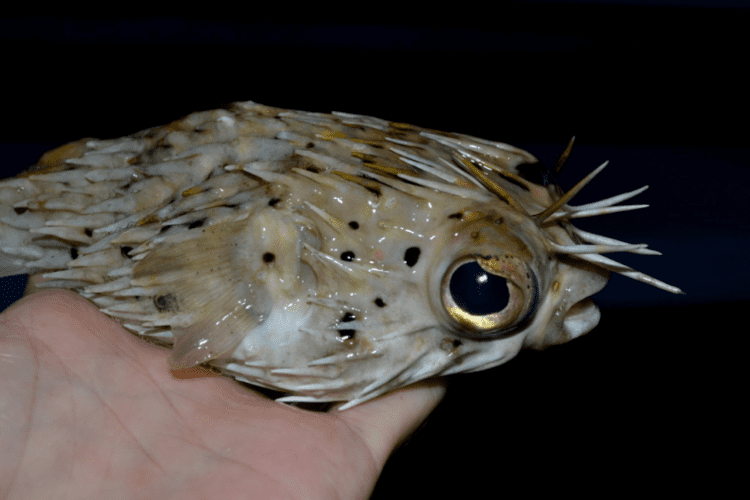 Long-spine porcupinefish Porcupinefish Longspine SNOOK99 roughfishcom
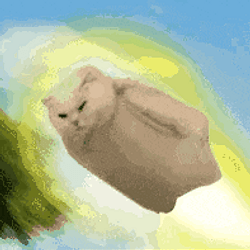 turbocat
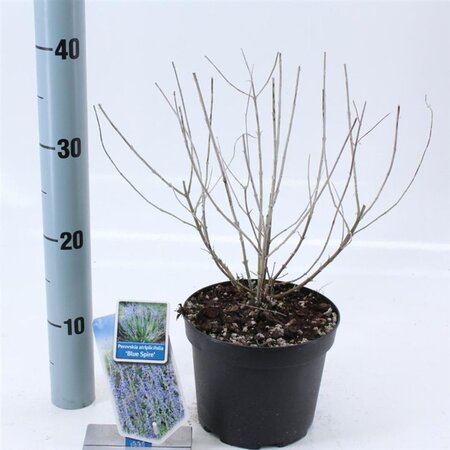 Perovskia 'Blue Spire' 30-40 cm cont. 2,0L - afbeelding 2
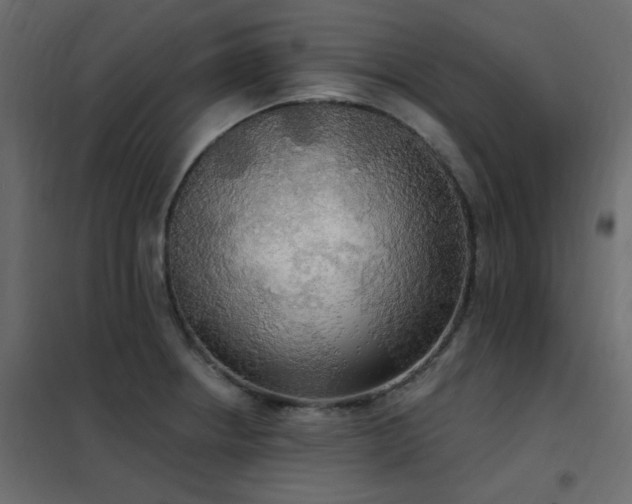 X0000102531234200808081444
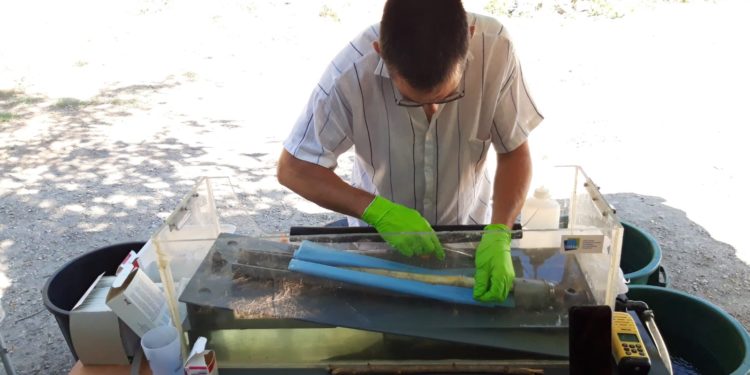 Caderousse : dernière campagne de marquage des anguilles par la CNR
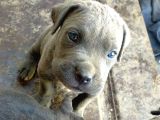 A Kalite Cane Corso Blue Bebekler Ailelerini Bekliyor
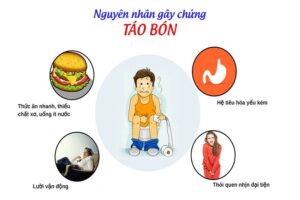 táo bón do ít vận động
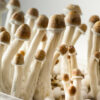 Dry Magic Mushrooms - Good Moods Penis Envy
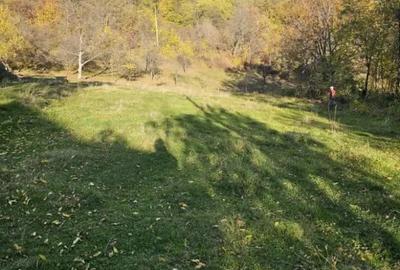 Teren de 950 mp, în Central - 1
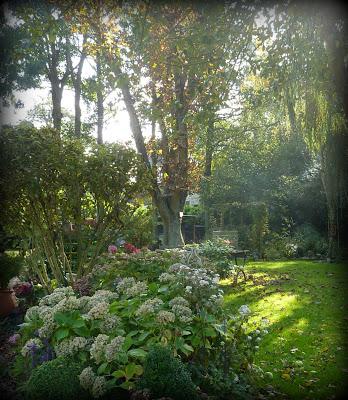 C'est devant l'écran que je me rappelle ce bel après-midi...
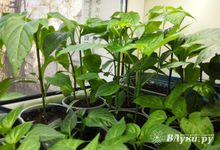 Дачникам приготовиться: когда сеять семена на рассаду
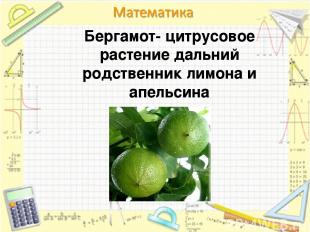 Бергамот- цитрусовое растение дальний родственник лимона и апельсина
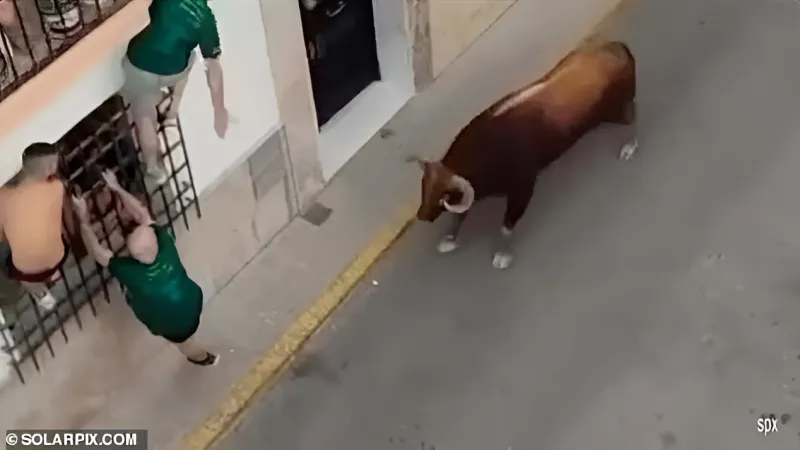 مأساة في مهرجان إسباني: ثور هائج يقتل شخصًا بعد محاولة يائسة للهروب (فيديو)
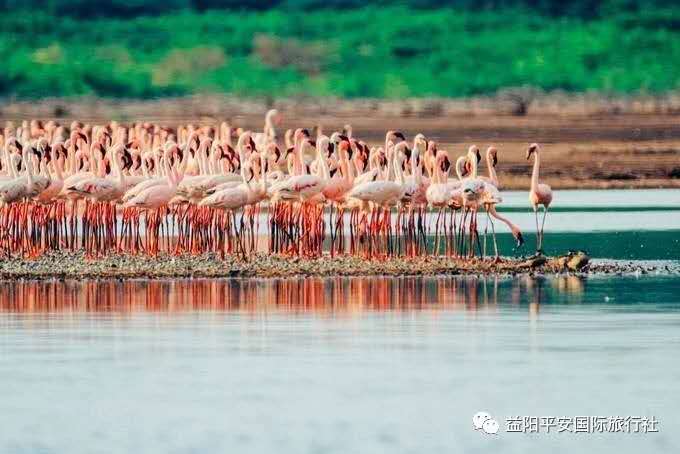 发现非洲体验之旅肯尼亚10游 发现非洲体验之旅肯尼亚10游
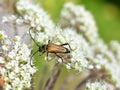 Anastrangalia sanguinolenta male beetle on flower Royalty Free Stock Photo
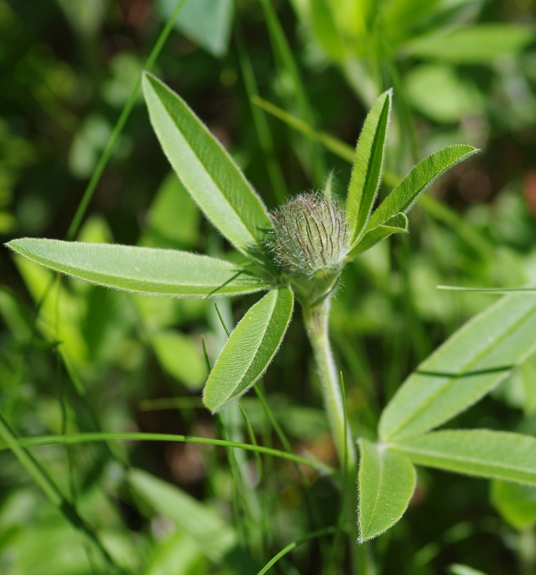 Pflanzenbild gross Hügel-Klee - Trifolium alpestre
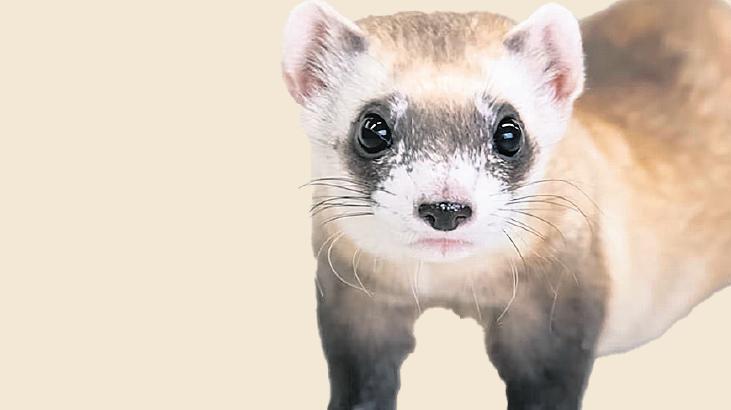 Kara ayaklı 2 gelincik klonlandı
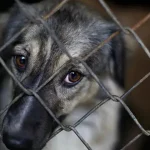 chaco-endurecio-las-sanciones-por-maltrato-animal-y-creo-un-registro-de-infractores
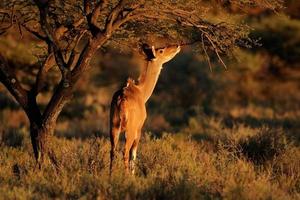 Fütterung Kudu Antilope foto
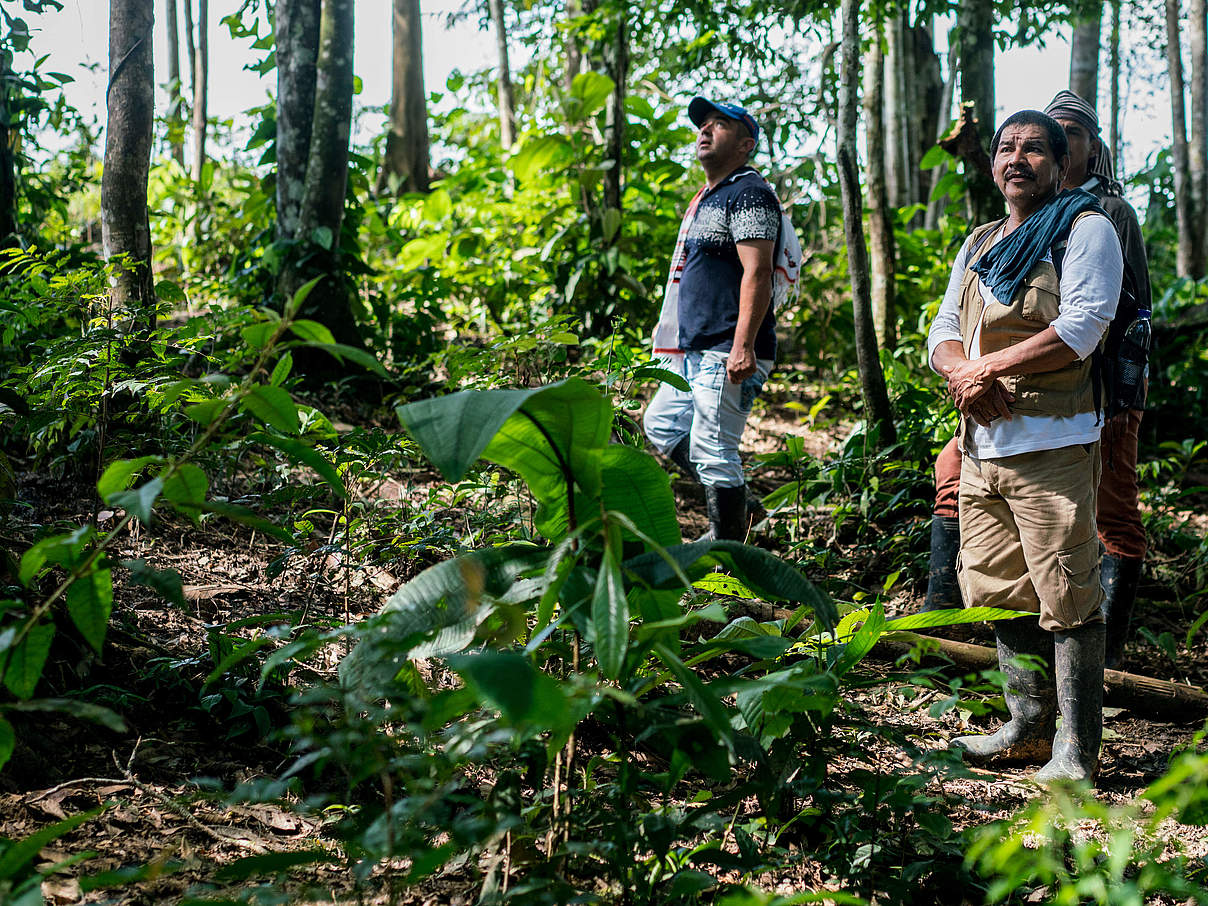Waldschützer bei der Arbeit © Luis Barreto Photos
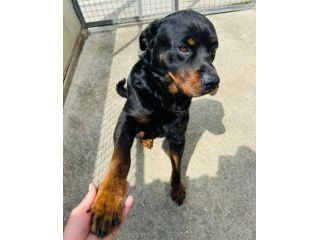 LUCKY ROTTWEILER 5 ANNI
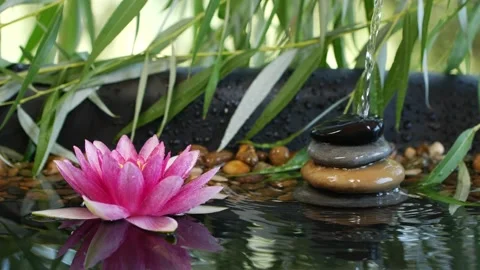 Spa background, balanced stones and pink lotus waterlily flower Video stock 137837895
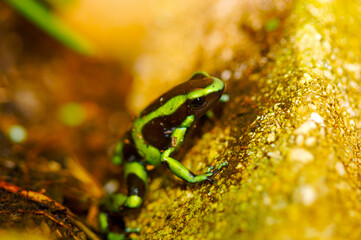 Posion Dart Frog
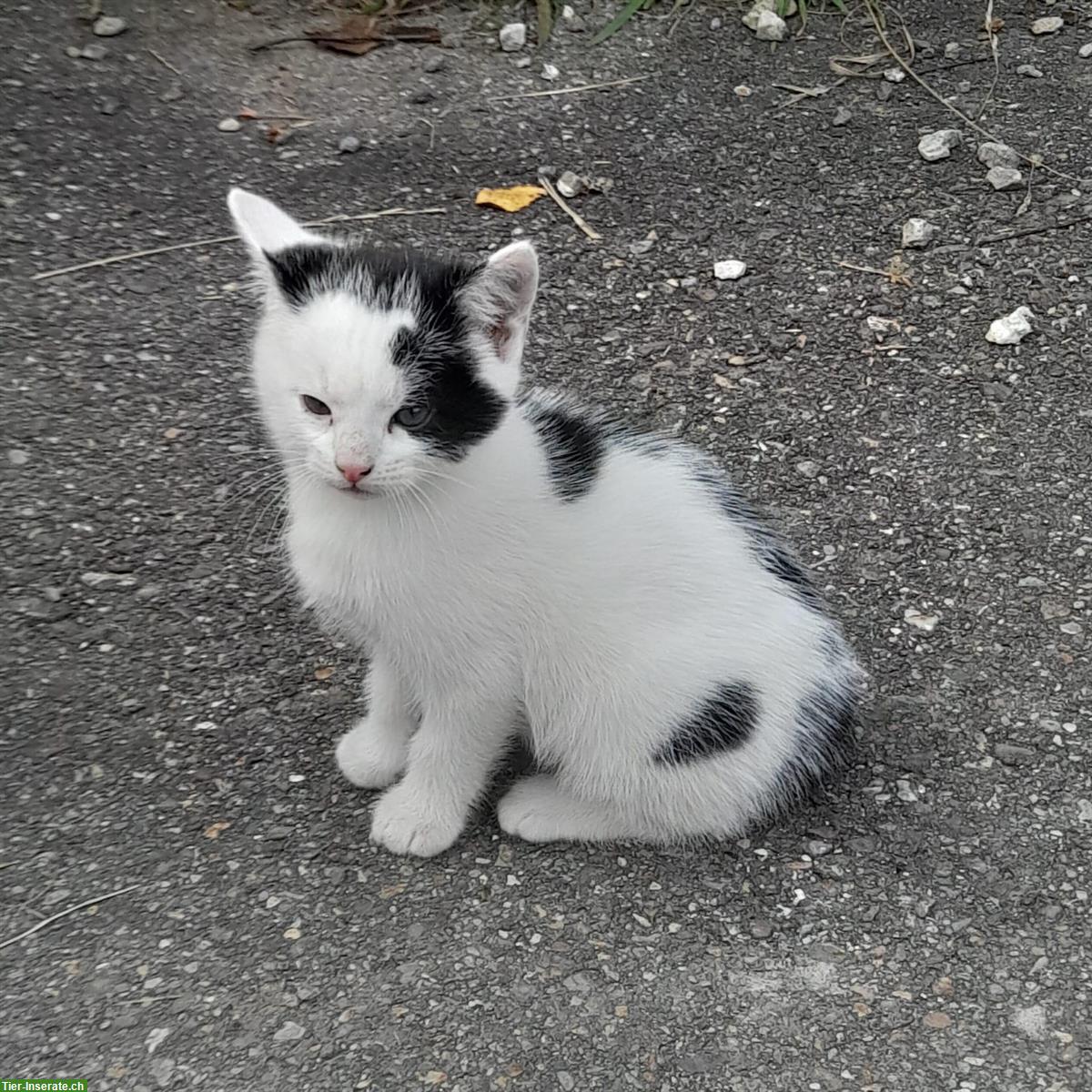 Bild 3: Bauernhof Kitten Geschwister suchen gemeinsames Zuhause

- - - - -

EXERCISE GOAL. The lines wanted run from the first one in the material above through the line containing "LUCKY ROTTWEILER 5 ANNI"; give them again exactly, leaving out the pictures.

RESPONSE TO THE EXERCISE.
 Long-spine porcupinefish Porcupinefish Longspine SNOOK99 roughfishcom
 turbocat
 Perovskia 'Blue Spire' 30-40 cm cont. 2,0L - afbeelding 2
 X0000102531234200808081444
 Caderousse : dernière campagne de marquage des anguilles par la CNR
 A Kalite Cane Corso Blue Bebekler Ailelerini Bekliyor
 táo bón do ít vận động
 Dry Magic Mushrooms - Good Moods Penis Envy
 Teren de 950 mp, în Central - 1
 C'est devant l'écran que je me rappelle ce bel après-midi...
 Дачникам приготовиться: когда сеять семена на рассаду
 Бергамот- цитрусовое растение дальний родственник лимона и апельсина
 مأساة في مهرجان إسباني: ثور هائج يقتل شخصًا بعد محاولة يائسة للهروب (فيديو)
 发现非洲体验之旅肯尼亚10游 发现非洲体验之旅肯尼亚10游
 Anastrangalia sanguinolenta male beetle on flower Royalty Free Stock Photo
 Pflanzenbild gross Hügel-Klee - Trifolium alpestre
 Kara ayaklı 2 gelincik klonlandı
 chaco-endurecio-las-sanciones-por-maltrato-animal-y-creo-un-registro-de-infractores
 Fütterung Kudu Antilope foto
Waldschützer bei der Arbeit © Luis Barreto Photos
 LUCKY ROTTWEILER 5 ANNI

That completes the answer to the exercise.